Это было важно, и он мог бы принять его снова, прямо сейчас, щедрый и жадный одновременно; тяжелое дыхание синхронизировалось, и тела двигались, словно в инерции прошлых фрикций.
Джокер мыслил, конечно, на той же волне - еще содрогаясь в волнах оргазма, дернулся отстраниться, но на последнем вздохе спасовал, вернулся, чтобы, дрожа и постанывая, растереть семя по пульсирующему отверстию, дожимаясь в вожделенное тело.
Кривые губы прижались к яремной вене, отвлекая: пришло время убраться подальше.
И он убрался - отодвинулся, прекращая делить тепло, замер, обессиленный.
Никакой пустоты - но напряжение, мрачное и мерзкое, можно было ухватить, если бы нашелся охотник до этого.
- Черт, Джек, только не начинай, - придушенно прозвал взмокший Бэтмен, опасно выпрямляясь. - Я слышу, как ты злишься. Ты и правда сумасшедший. Псих.
Обернулся и прижался поцелуем к уголку правого шрама, жадно разглядывая карюю темноту. Разгладил пальцами плечи, растер застывшие мышцы, даже в темноте зорко узнавая дискомфорт наметанным глазом, закрепляясь в особом положении: инспектор желанной плоти.
Но когда белые руки стиснули его плечи, он наконец сам разозлился, аккуратно разжимая поврежденные пальцы.
- Тоже думаешь, что знаешь мои мысли, - низко просипел Джокер, прищуриваясь, словно только начал мыслить: обманщик. - Не знаешь. Получать мне нравилось больше.
Пораженный схожестью их порывов Брюс позволил ему быть лживым и в этот раз.
- Тут должны были быть твои глупые шутки, верно? Завтра, - гордо сказал он, властно сжимая руку на тощей шее, и на его запястье на секунду вспыхнуло ядовитое касание смертоносных пальцев - почти поглаживание, невесомое: он будет считать его таким. - Завтра будешь зубоскалить.

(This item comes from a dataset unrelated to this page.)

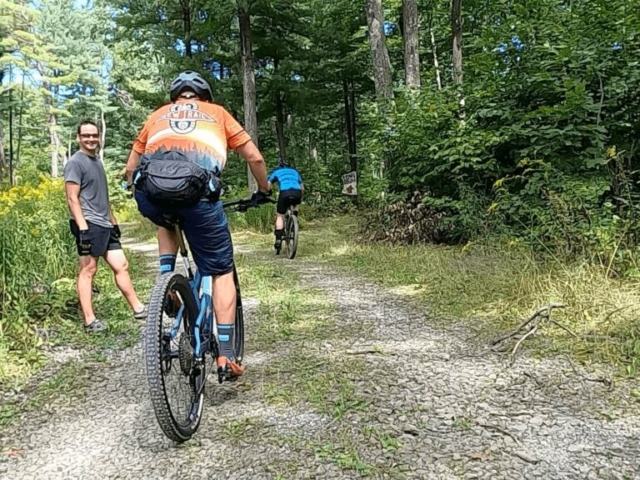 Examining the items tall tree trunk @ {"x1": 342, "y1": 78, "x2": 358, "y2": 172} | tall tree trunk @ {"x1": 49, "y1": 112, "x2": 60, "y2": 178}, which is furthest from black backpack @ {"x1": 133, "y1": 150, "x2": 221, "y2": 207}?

- Ага-а, з’автра… - уныло подтвердил псих, дико улыбаясь, пока Брюс закрывал их черт знает когда скинутой в ноги простыней так, словно опускал ее на стол прозекторской, и от нескрытого акцента ярко полыхнуло мягким югом, темной луизианской волной, сухой травой..

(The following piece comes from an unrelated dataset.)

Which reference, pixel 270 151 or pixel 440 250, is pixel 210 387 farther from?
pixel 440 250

Сил на гигиену решительно не было.
- Ты их всех убил, верно? - прошептал несгибаемый герой, притираясь к неповрежденной части грудной клетки на время спасенного злодея, все еще удерживая его дрожащее горло в своей горячей ладони. - А девчонку даже не видел никогда. И с синим домом так было, с самой прекрасной женщиной в той горной деревне..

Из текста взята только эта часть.